After Labor Reform / Provisional Measure
808/2017
- Precedents and other statements of jurisprudence issued by the
Superior Labor Court and the Regional Labor Courts may not restrict
rights legally established or create obligations that are not
provided for by law.
- The Labor Court, in the examination of the Agreement or Collective Agreement, should focus exclusively on the essential requirements of the legal business
FREE ACCESS TO THE JUDICIARY
Before the Labor Reform
- Any plaintiff who declares that they are unable to pay the
costs of the proceedings is entitled to the benefit.
- It's up to the judges and presidents of the labor courts of any body may, on request or ex officio, grant free legal aid, including transfers and instruments, to those who receive a salary equal to or less than twice the legal minimum , Or declare, under the penalties of the law, that they are not in a position to pay the costs of the proceedings without prejudice to their own or their families' support.
After Labor Reform / Provisional Measure
808/2017
- The plaintiff must prove in the records that is in an economic
disadvantage compared to the company and can not afford to pay the
procedural costs.
- The judges and presidents of the labor courts can decide in any instance, on request or ex officio, to grant free legal services, including transfers and instruments, to those who receive a salary equal to or less than 40% of the limit Benefits of the General Social Security System.
DOMESTIC EMPLOYEE
Before the Labor Reform
- The work of the domestic employee is governed by Complementary
Law No. 150/2015.
- If the domestic employer appeal from a decision, he must pay the full value of the court deposit to present the appeal.

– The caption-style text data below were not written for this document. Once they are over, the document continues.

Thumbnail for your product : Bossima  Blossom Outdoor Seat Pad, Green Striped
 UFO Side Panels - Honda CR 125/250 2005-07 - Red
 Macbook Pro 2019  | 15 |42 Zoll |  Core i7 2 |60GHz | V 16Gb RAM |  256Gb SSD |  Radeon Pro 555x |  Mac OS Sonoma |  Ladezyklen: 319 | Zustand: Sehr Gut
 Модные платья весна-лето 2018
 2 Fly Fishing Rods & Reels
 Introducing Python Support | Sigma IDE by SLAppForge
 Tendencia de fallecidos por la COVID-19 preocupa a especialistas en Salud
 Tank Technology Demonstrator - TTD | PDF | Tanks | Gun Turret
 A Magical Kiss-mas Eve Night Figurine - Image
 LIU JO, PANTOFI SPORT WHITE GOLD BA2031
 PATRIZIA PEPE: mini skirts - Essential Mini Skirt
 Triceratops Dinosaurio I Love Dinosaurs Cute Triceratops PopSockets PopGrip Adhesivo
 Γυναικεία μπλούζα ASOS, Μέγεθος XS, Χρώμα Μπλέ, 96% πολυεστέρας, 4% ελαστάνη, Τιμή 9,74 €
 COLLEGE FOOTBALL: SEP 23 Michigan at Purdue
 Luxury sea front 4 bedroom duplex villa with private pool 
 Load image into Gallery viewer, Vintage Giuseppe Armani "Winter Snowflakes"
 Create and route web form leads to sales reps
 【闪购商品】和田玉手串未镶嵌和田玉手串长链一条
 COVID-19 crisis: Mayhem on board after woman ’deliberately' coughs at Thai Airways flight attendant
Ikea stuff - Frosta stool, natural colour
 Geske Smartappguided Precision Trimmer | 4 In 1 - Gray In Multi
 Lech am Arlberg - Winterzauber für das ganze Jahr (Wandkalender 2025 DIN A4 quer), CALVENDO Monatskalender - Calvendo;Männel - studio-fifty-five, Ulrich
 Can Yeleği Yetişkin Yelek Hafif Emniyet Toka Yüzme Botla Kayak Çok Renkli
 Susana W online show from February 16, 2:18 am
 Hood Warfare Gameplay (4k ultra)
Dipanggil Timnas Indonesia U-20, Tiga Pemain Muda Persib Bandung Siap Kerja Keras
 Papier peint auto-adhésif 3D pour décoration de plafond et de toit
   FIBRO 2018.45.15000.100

After Labor Reform / Provisional Measure
808/2017
- The work of the domestic employee will continue to be governed
by Complementary Law 150/2015.
- If the domestic employer appeal to a decision, it will be guaranteed the payment of half of the amount of the appeal deposit.
EXTRAPATRIMONIAL DAMAGES
Before the Labor Reform
- There was no regulation by CLT.
After Labor Reform / Provisional Measure
808/2017
- Extra-patrimonial damage is considered an action or omission
that offends the moral or existential sphere of the individual or
legal person.
- There will be considered responsible for the extra patrimonial
damage those responsible for the offense against the defended legal
right, in proportion to the action or omission.
- The reparation for the extra patrimonial damage may be claimed
cumulatively with the compensation for material damages resulting
from the same harmful act.
- The court will fix the repair to be paid, in one of the
following parameters, the accumulation is forbidden:
– For offense of a light nature – up to three times
the amount of the maximum benefit limit of the General Social
Security System;
– For offense of average nature – up to five times the
amount of the maximum benefit limit of the General Social Security
System;
– For offense of a serious nature – up to twenty times
the value of the maximum benefit limit of the General Social
Security System;
– For offense of very serious nature – up to fifty
times the amount of the maximum benefit limit of the General Social
Security System.
The content of this article is intended to provide a general guide to the subject matter. Specialist advice should be sought about your specific circumstances.